Location
- Country: Australia
- State: New South Wales
- Region: South Eastern Highlands (IBRA), Monaro
- Municipality: Snowy Monaro

Physical characteristics
- Source: Great Dividing Range
- • location: near Jerangle
- • elevation: 1,200 m (3,900 ft)
- Mouth: Bredbo River
- • location: east of Bredbo
- • coordinates: 35°58′17″S 149°13′49″E﻿ / ﻿35.97139°S 149.23028°E
- • elevation: 733 m (2,405 ft)
- Length: 38 km (24 mi)

Basin features
- River system: Murrumbidgee catchment, Murray–Darling basin

= Strike-a-Light River =

The Strike-a-Light River, a perennial stream that is part of the Murrumbidgee catchment within the Murray–Darling basin, is located in the Snowy Monaro Regional Council area of New South Wales, Australia.
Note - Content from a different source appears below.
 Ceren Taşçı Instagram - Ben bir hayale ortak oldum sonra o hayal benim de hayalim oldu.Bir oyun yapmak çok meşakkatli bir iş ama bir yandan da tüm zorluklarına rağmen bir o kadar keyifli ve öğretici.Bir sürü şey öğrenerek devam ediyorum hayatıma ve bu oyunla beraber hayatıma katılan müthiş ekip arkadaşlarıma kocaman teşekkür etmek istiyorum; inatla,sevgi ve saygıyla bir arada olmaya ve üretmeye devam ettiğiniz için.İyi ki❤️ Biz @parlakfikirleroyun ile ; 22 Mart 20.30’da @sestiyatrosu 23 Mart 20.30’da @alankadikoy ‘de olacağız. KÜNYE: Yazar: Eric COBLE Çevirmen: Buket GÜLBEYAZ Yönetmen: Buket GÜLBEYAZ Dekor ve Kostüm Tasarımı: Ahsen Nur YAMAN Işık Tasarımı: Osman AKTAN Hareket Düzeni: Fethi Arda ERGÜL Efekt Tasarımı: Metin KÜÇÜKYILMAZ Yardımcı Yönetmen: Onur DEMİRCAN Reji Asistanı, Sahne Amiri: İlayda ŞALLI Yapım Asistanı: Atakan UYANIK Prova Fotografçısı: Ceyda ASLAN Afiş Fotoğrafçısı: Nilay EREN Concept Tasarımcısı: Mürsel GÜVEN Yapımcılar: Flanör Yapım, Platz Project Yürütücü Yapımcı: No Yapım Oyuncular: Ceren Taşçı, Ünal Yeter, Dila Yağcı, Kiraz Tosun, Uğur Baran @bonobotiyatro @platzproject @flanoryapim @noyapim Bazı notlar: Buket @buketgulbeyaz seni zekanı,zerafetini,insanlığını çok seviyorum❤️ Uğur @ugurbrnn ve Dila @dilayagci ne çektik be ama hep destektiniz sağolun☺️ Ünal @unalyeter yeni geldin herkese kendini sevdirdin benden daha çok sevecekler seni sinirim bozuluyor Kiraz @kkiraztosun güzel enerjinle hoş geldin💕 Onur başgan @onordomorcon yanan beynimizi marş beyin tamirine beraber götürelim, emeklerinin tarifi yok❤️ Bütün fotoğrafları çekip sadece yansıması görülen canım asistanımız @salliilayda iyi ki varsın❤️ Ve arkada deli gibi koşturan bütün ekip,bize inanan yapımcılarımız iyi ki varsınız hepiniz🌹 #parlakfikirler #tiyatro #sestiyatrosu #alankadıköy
The river rises on the western slopes of the Great Dividing Range, near Jerangle, and flows generally north north-west, north-west, south-west and then south, joined by three minor tributaries, before reaching its confluence with the Bredbo River, east of Bredbo, descending 464 m over its 38 km course.

==Flora and fauna==
Strike-a-Light River flows through the Strike-a-Light Nature Reserve.

The Strike-a-Light River is inhabited by a number of amphibian species: Bibron's toadlet (Pseudophryne bibronii), common eastern froglet (Crinia signifera), pobblebonk (Limnodynastes dumerilii), spotted grass frog (Limnodynastes tasmaniensis) and Verreaux's tree frog (Litoria verreauxii).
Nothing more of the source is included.